My grip tightens. Pace quickens.

I imagine her hands. Her mouth. Sinking into that heat.

“Cassie,” I breathe.

The release hits hard—violent, full-body, leaving me shaking against the tile, breath ragged.

For a long moment, I don’t move.

The water cools. My pulse slows.

And underneath it all is nothing. I’m hollow, and the heat is unresolved.

I didn’t fix anything.

I made it worse.

This isn’t an itch.

It isn’t biology.

I want her.

And that is terrifying.

I turn the water off. Towel dry. My hands are steady again, but my mind is reeling.

I put on the clean jeans and T-shirt Cassie bought me. They fit, which means she noticed my size. She pays attention.

I walk back into the room.

It’s dark. Cassie is asleep in the center of the massive bed.

I should sleep on the floor. Or the chair.

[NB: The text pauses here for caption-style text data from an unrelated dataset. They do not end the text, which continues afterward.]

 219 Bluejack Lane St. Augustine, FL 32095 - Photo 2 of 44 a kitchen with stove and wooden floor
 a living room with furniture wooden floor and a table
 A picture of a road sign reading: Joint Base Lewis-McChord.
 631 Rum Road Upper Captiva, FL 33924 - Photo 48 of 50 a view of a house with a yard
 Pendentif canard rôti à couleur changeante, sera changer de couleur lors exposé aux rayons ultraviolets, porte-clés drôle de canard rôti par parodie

But the floor is hard. And my ribs are screaming.

And she left space.

I walk to the bed. Sit on the edge.

“I’m awake,” she whispers.

“Go back to sleep.”

“The floor looks uncomfortable.”

“I’ve slept on worse.”

“Just get in, Halo. We already shared a foil blanket in the dirt. This is an upgrade.”

I hesitate.

I slide under the covers.

I stay on the edge. As far from her as possible. Back to her. Gun on the nightstand.

“Goodnight,” I say.

“Goodnight.”

Silence.

The mattress shifts.

She scoots across the expanse of white linen and presses her back against mine.

Warmth. Solid. Real.

“Just for warmth,” she whispers.

“Right,” I say. “Thermodynamics.”

“Exactly.”

She settles. Her breathing evens out.

I stare at the wall.

I’m a ghost hunting a machine.

But right now, the only thing that matters is the woman pressing her spine against mine.

And the terrifying realization that I would burn the world down to keep her warm.